Things didn’t start well. People, public transport and significant works of visual art are, I have found, generally improved by judicious drinking. The wine was not, even by my standards, potable. It made everyone stink and bray like donkey cooked in cheap muscatel and it was not well matched with the National Gallery of Victoria’s party pies.
(And, no, the symbolism of the frozen and reheated pies was not lost on me, my dear, as I queasily looked at what must have been one of Robert Mapplethorpe’s crappiest self-portraits. From which of the Guggemheim’s neglected and leaky Frigidaire’s did these aging snacks come?)
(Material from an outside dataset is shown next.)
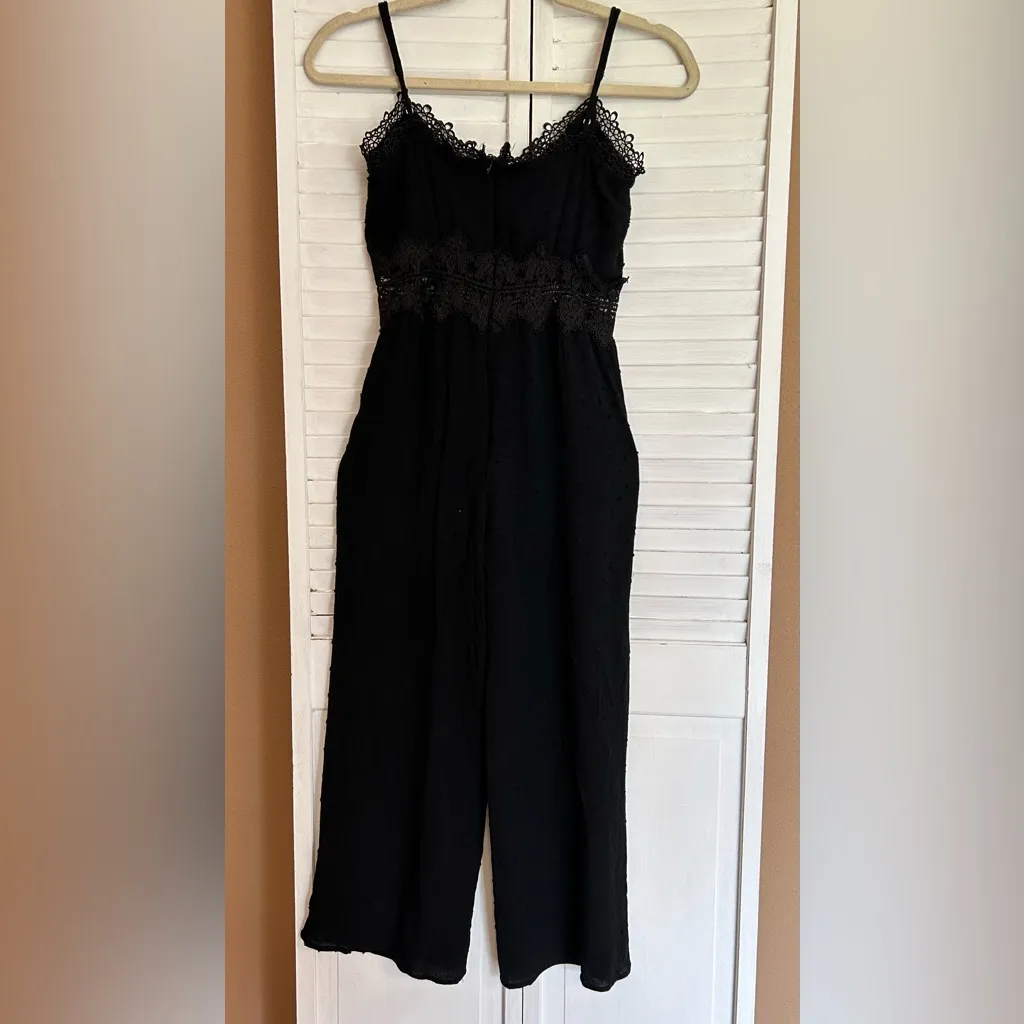 Lulus Leeta Black Swiss Dot Lace Wide Leg Jumpsuit Size XS - Image 7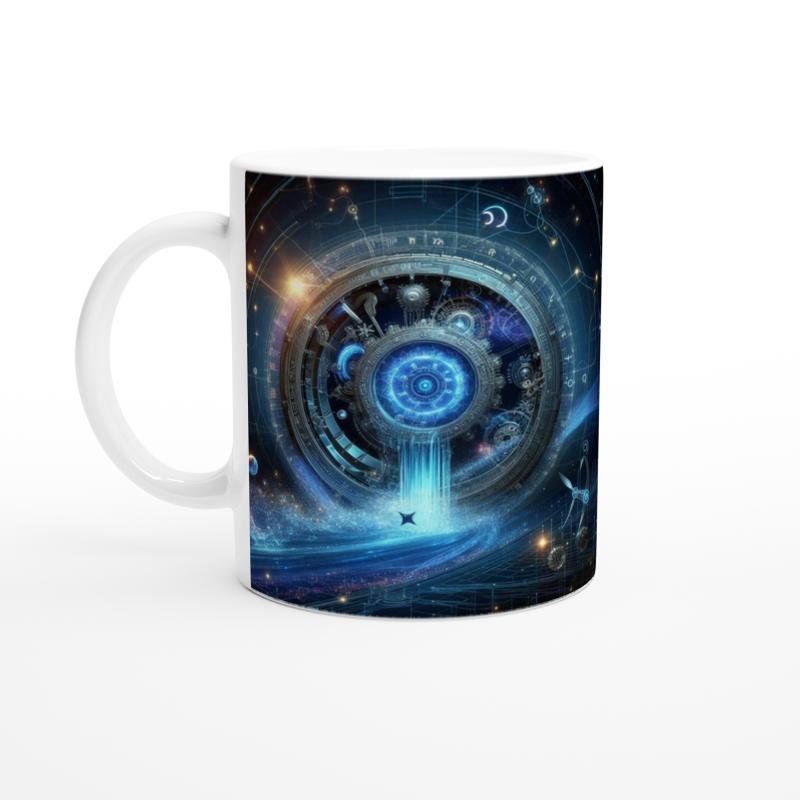 Kova Burcu Baskılı Kahve Kupası - Zamanın Çarkları Astroloji Mekanizması Vs3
When I acknowledged that I’d have to actually look at some Jeff Koons pictures sober, the speeches began. As a Global Franchise, Guggenheim, I suppose, must have its Ham-Burglar. He came in the form of the improbably named and wonderfully accented Wolfgang Schrempp. This is actually pronounced Shrimp.
I only mention it to evoke the cloud of ironic dust that was beginning to choke everyone in the gallery’s vast and cavernous space.
Anyhoo, Herr Schrempp was from the Luxury Brand Car manufacturer that had made this intractable exhibition possible. He went on for about 10 days clumsily comparing the work of high end European car manufacturers to transgressive art forms. Which even I, not at all a student of art, found hard to take.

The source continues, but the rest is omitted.